İbrahim Karagül
Türkiye’nin Fırat’ın Doğu’suna müdahalesi; siyasi tarihimizin, ülkemize ve bölgemize yönelik büyük tehdidin ortadan kaldırılmasına yönelik en etkili jeopolitik müdahalesi olacaktır.
Bu müdahale; Anadolu’nun bekâsı için, coğrafyaya yüz yıl sonra musallat olan yeni istilâ dalgasının savuşturulması için en güçlü bölgesel savunma, direniş ve hesaplaşmadır. Bu yüzden de bir Milli Mücadele, bir İstiklâl Savaşı, bir Çanakkale misyonudur.
Yüz yıl önce Kutu’l-Amâre’de ne oluyorsa bugün Fırat’ın Doğu’sunda o olmaktadır. Düşman aynıdır, savunma aynıdır, tehdidin ve işgalin niteliği aynıdır, cepheler aynıdır.
Bunu yapmazsak Türkiye olamayız
Çünkü Fırat’ın Doğu’suna müdahale; yüz yıl önce coğrafyanın her köşesinde neyi savunuyorsak onun savunmasıdır. Fırat Kalkanı ile başlayan, Afrin müdahalesi ile devam eden bu yol, coğrafyanın özgürleştirilmesine, yeni bir coğrafya inşa etmeye dönük en büyük idealdir.
Bu idealin, bu savunmanın öncülüğünü Türkiye yapmaktadır. Bu ülke, sadece kendisini değil, bütün coğrafyayı tarihsel derin bir akılla savunmaya çalışmaktadır. Bu ülke, Birinci Dünya Savaşı’ndan sonra yeniden coğrafya dizayn edenlere karşı bize ait bir coğrafyanın inşa edilmesi için her şeyini ortaya koşmuş bir ülkedir.
Bunu yapmasaydı Türkiye olamazdı, Anadolu’yu kurtaramazdı. Bunu yapmasaydı, Anadolu tehdit altına girseydi coğrafyada hiçbir tuğla yerinde kalamazdı.
Bazı bölge ülkeleri bir ‘örgüt’ gibi Türkiye’nin karşısına sürülüyor
Çünkü artık tehdit bütün yönlerden gelmekte, istilâ Batılı ordular dışında yerel aktörler üzerinden de servis edilmektedir.

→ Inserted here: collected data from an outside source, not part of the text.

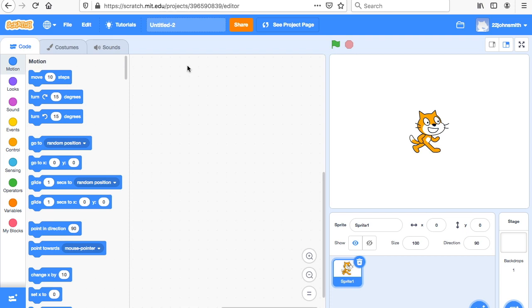Hello, third grade. This week we're going to talk about changing the background and making a little scene.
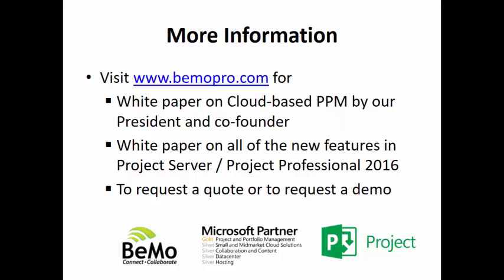For more information, I would invite all of you to visit www.bemopro.com. There you will find that there is a white paper on cloud-based PPM written by our President and Co-Founder. It is short, seven pages. It goes into what cloud-based PPM is and how Project Server addresses it. You will also find on our website a white paper on all of the new features in Project Server Project Professional. You can request a quote or you can request a demo of Project Server or Microsoft Project Online.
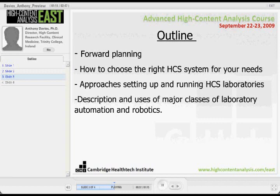We'll also cover approaches to setting up and running HCS laboratories, and a description of the major classes of laboratory automation and robotics. Most of what I'm going to talk about could really be applied to any sort of lab.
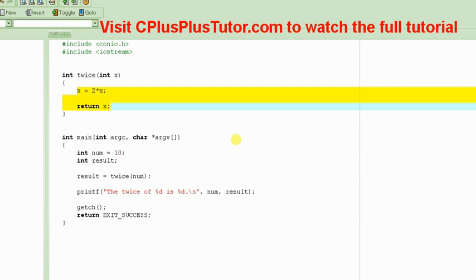So, this tutorial is actually a continuation of the previous tutorial where we were learning about how we can make a function so that it changes the value of a parameter.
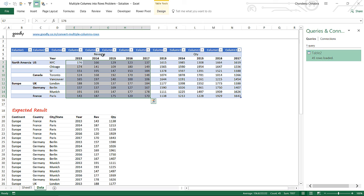That's how you solve a multiple-level unpivoting problem. If you have two unpivoting levels like revenue and quantity, you first unpivot everything, then pivot back on the type column. I hope you liked this — if you have any questions, feel free to put them in the YouTube comments or on the blog. Thanks for watching, and head over to the blog to download this Excel file. Thanks and bye-bye!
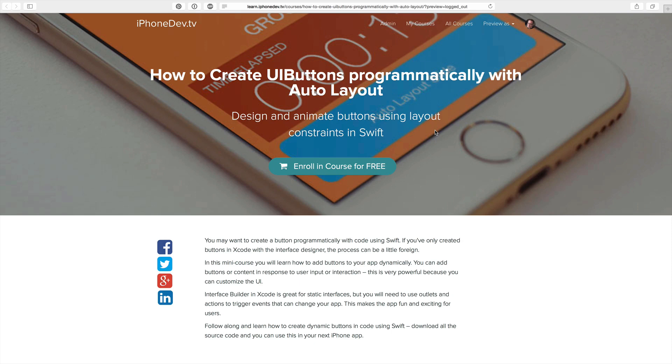It's free and you can get started with building a nice animation using auto layout. And then we will check out. Let's go.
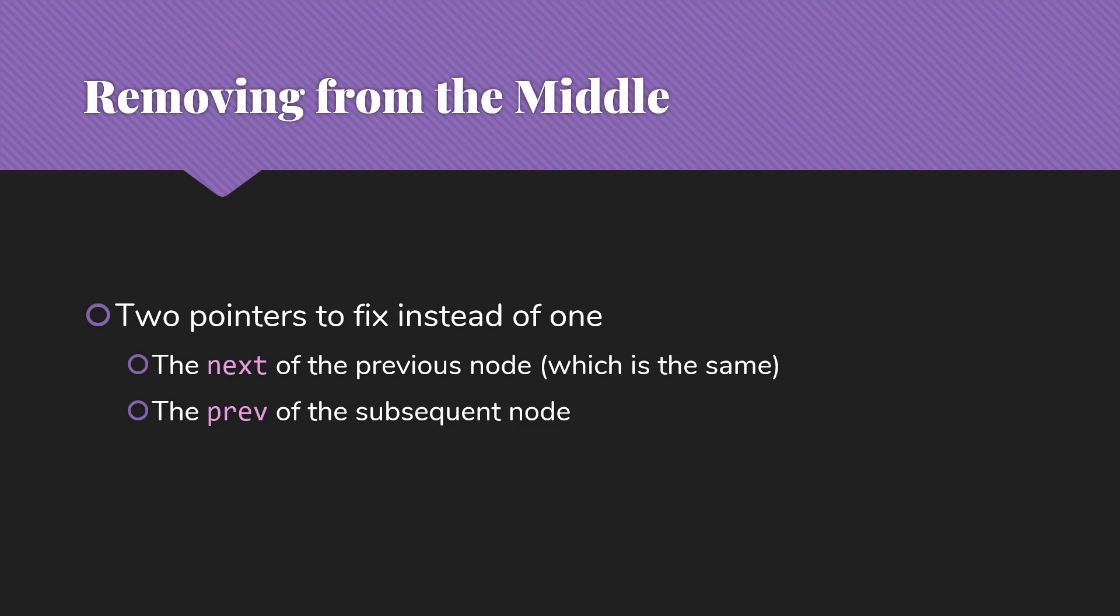Removing from the middle will have a slight added complexity. So if we take something out of the middle in a singly-linked list, we just have one pointer to fix. We have to fix that next. But with the doubly-linked, we're going to have two pointers to fix. We're going to fix the next of the previous node, just like we do with our singly-linked lists. But then we'll also have to fix the prev of that subsequent node. So we have the advantage we can get at these things more easily because our current node is pointing at both of them to start with when we find it. But we do have to make sure that we get all the pointers fixed.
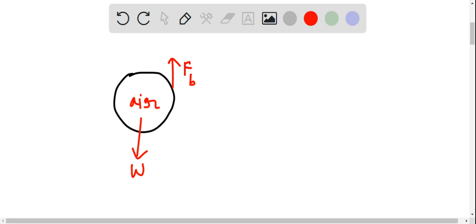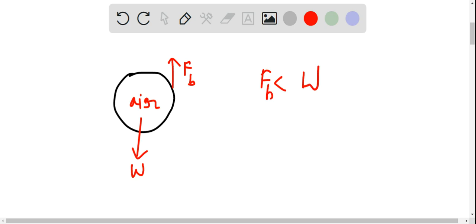But here, force of buoyancy is less than weight. So, the net acceleration of the balloon is in the downward direction and the air balloon will move in the downward direction.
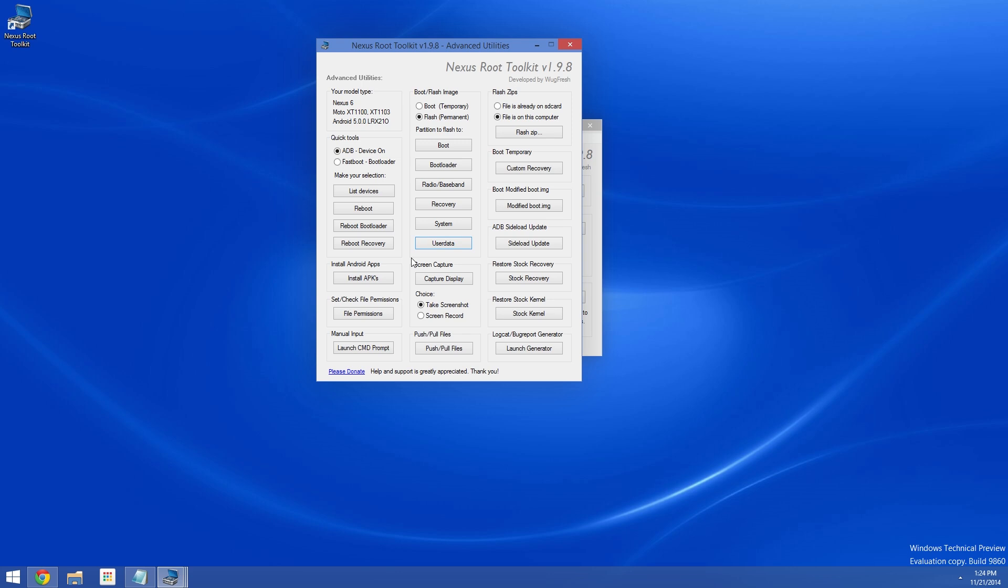If you'd just like to verify that your phone is no longer encrypted, go to Settings, then Security, and the entry that used to say Encryption is Enabled will now say Encrypt Device instead.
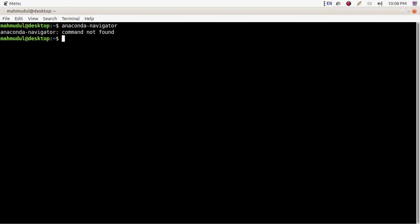In this video I will show how to solve anaconda navigator command not found error. After successful installation of Anaconda Python in Ubuntu or Linux, when you try to open anaconda navigator with this command, you will find command not found if you do not activate the anaconda environment.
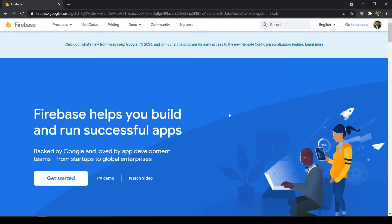Hey guys, welcome back to our channel. I have just created one tutorial series called Flutter with Firebase. In this series we will be implementing all of the services that are provided by Firebase in our Flutter apps. Firebase is a service platform developed by Google, mainly created for building mobile and web applications, and it has lots of services inside it.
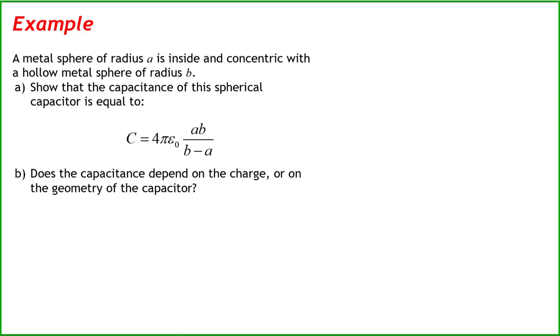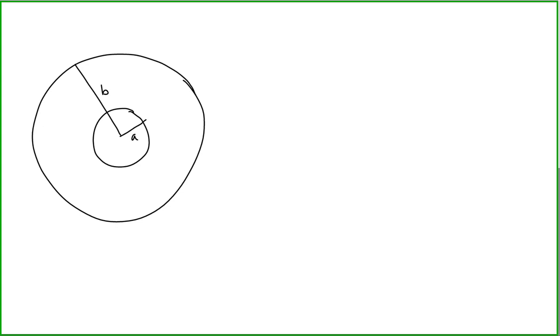Does the capacitance depend on the charge or on the geometry of the capacitor? Let's begin with a sketch. We have a spherical capacitor formed from two concentric spheres of radii A and B. A capacitor is formed from solid conducting plates where the charge on each plate is equal in magnitude but opposite in sign. So let's say this inner sphere of radius A has a total charge q on it, and this outer sphere of radius B has a total charge of minus q on it.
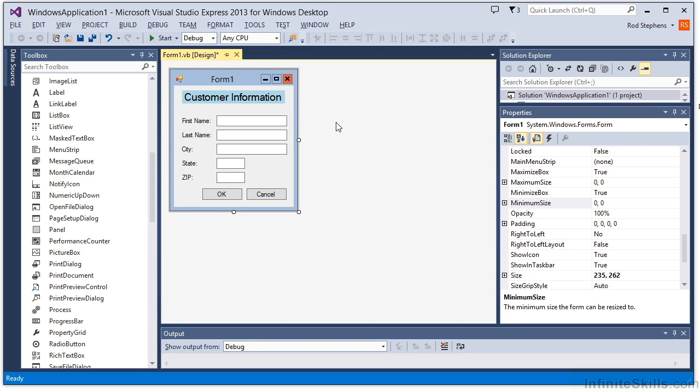When you resize a form, it's important that your controls take advantage of the form's new size. Often you can do that with the anchor property. In this lesson, I'll show you how to use the anchor property to make controls rearrange and resize themselves to take advantage of whatever space is available.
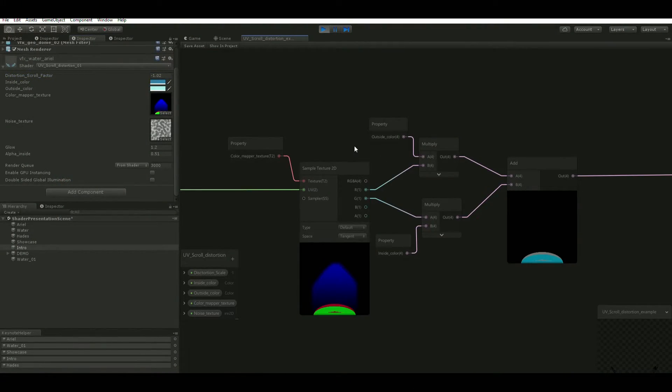I'll show you a simple trick we use to tint stuff in the game. I sample the texture over here — the one with the green and red channels.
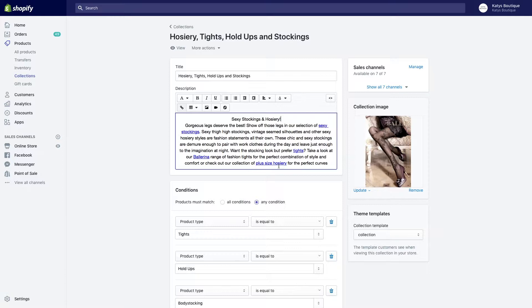Until you tell it that, it doesn't know, it has no idea what the things are—just a bundle of words to Google. So what you're doing is you're helping associate things together so it better understands your store. Also, you're getting the opportunity to throw other keywords in here that you might not have otherwise used.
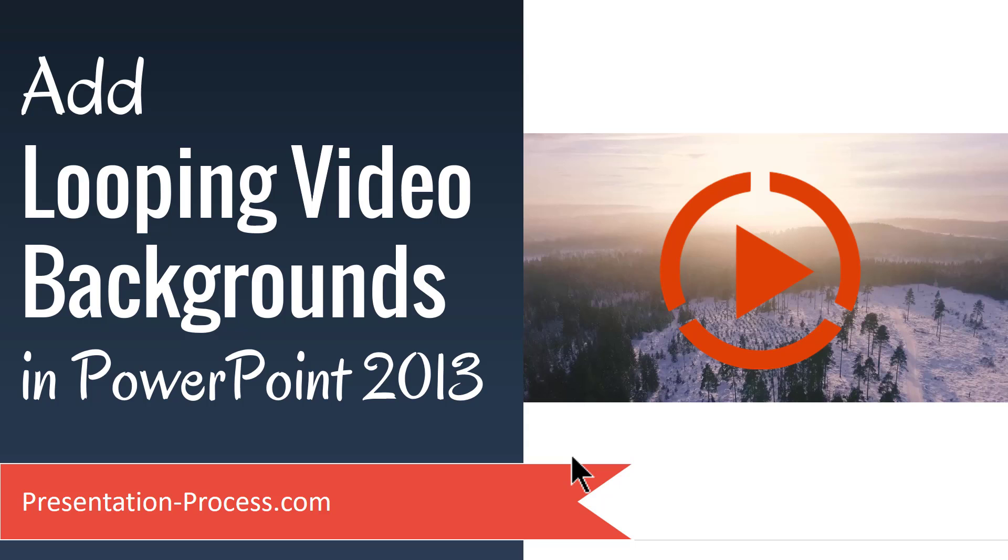Hi, I'm Ramgopal from PresentationProcess.com. In this video, you will learn how to add looping video backgrounds in PowerPoint 2013.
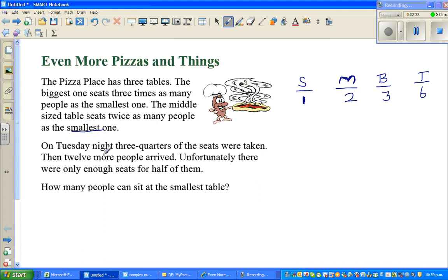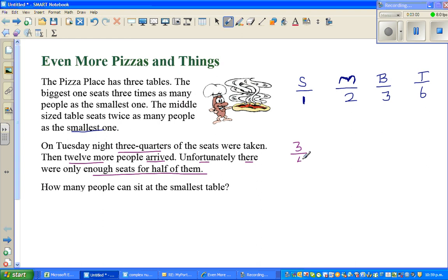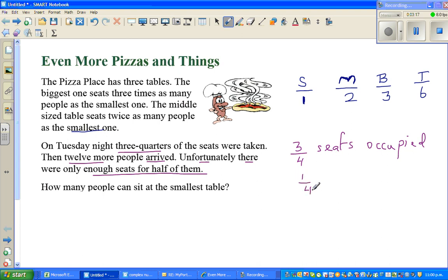On Tuesday night, three quarters of the seats were taken. Then 12 more people arrived. Unfortunately, there were only enough seats for half of them. So three quarters of the seats were occupied, which means one quarter of the seats were unoccupied or not occupied.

PKK ve DEAŞ gibi terör örgütlerinin yanı sıra, bazı bölge ülkeleri de, birer “örgüt” misyonu yüklenerek, bu cepheye sürülmektedir.
Birleşik Arap Emirlikleri’nden (BAE) Veliaht Muhammed bin Zaid ile Suudi Veliaht Muhammed bin Selman, bu Batılı istilânın en önemli iki bölgesel aktörleridir. Bu İki ‘Veliaht’ın Türkiye’ye karşı üslendiği rol, PKK ve DEAŞ’ın üslendiği rolle aynıdır.
İki “Veliaht”a da müdahale edilecek
Fırat’ın Doğu’suna müdahale, söz konusu İki “Veliaht’ ve temsil ettikleri istilâ projesine de müdahaledir. Bölgede sadece PKK değil, İki ‘Veliaht’ da yenilmiş olacaktır. Çünkü onlar bölgesel bir savaş için, Suriye’nin bölünmesi için, “Türkiye cephesi”nin açılması için sahaya sürülmüş iki tetikçiden başka bir şey değildir.
Fırat’ın Doğu’sundaki yapılanma bölge dışı bir “işgal”dir. Yabancı bir ordunun PKK gibi bölgesel terör örgütleriyle birlikte bir Müslüman ülkenin topraklarını işgâli, Türkiye’nin yüzlerce kilometrelik güney sınırlarını çevreleme planıdır.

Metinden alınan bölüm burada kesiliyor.